## PROBLEM REQUIREMENTS:
In your reply, reproduce every line of the data without any alteration.

[SOURCE INFORMATION Boundary: Start]

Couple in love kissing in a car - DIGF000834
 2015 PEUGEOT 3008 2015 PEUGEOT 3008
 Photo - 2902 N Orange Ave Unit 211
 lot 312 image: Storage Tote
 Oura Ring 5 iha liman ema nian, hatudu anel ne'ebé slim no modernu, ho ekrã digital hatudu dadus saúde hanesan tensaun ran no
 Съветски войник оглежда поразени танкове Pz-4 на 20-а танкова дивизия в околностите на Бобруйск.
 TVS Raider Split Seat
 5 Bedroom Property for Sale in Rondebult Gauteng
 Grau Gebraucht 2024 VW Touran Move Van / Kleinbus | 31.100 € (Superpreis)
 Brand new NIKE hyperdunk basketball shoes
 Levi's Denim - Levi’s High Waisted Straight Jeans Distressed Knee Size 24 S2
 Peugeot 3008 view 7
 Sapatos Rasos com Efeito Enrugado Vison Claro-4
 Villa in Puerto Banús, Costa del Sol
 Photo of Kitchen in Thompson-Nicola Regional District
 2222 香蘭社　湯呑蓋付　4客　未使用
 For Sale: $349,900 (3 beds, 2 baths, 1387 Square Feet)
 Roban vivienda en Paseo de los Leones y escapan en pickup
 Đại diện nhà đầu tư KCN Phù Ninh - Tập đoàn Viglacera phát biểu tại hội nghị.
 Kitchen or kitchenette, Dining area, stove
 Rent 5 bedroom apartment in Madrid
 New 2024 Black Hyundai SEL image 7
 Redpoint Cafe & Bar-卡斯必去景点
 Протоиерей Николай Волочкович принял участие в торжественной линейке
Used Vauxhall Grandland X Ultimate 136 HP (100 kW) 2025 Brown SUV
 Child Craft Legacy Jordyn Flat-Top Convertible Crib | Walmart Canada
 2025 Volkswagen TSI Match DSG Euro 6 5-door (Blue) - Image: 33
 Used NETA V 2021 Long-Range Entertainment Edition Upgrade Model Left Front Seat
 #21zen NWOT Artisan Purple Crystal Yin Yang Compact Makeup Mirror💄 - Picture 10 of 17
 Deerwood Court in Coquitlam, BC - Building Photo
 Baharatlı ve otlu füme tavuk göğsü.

[SOURCE INFORMATION Boundary: End]

## EXPECTED ANSWER:
Couple in love kissing in a car - DIGF000834
 2015 PEUGEOT 3008 2015 PEUGEOT 3008
 Photo - 2902 N Orange Ave Unit 211
 lot 312 image: Storage Tote
 Oura Ring 5 iha liman ema nian, hatudu anel ne'ebé slim no modernu, ho ekrã digital hatudu dadus saúde hanesan tensaun ran no
 Съветски войник оглежда поразени танкове Pz-4 на 20-а танкова дивизия в околностите на Бобруйск.
 TVS Raider Split Seat
 5 Bedroom Property for Sale in Rondebult Gauteng
 Grau Gebraucht 2024 VW Touran Move Van / Kleinbus | 31.100 € (Superpreis)
 Brand new NIKE hyperdunk basketball shoes
 Levi's Denim - Levi’s High Waisted Straight Jeans Distressed Knee Size 24 S2
 Peugeot 3008 view 7
 Sapatos Rasos com Efeito Enrugado Vison Claro-4
 Villa in Puerto Banús, Costa del Sol
 Photo of Kitchen in Thompson-Nicola Regional District
 2222 香蘭社　湯呑蓋付　4客　未使用
 For Sale: $349,900 (3 beds, 2 baths, 1387 Square Feet)
 Roban vivienda en Paseo de los Leones y escapan en pickup
 Đại diện nhà đầu tư KCN Phù Ninh - Tập đoàn Viglacera phát biểu tại hội nghị.
 Kitchen or kitchenette, Dining area, stove
 Rent 5 bedroom apartment in Madrid
 New 2024 Black Hyundai SEL image 7
 Redpoint Cafe & Bar-卡斯必去景点
 Протоиерей Николай Волочкович принял участие в торжественной линейке
Used Vauxhall Grandland X Ultimate 136 HP (100 kW) 2025 Brown SUV
 Child Craft Legacy Jordyn Flat-Top Convertible Crib | Walmart Canada
 2025 Volkswagen TSI Match DSG Euro 6 5-door (Blue) - Image: 33
 Used NETA V 2021 Long-Range Entertainment Edition Upgrade Model Left Front Seat
 #21zen NWOT Artisan Purple Crystal Yin Yang Compact Makeup Mirror💄 - Picture 10 of 17
 Deerwood Court in Coquitlam, BC - Building Photo
 Baharatlı ve otlu füme tavuk göğsü.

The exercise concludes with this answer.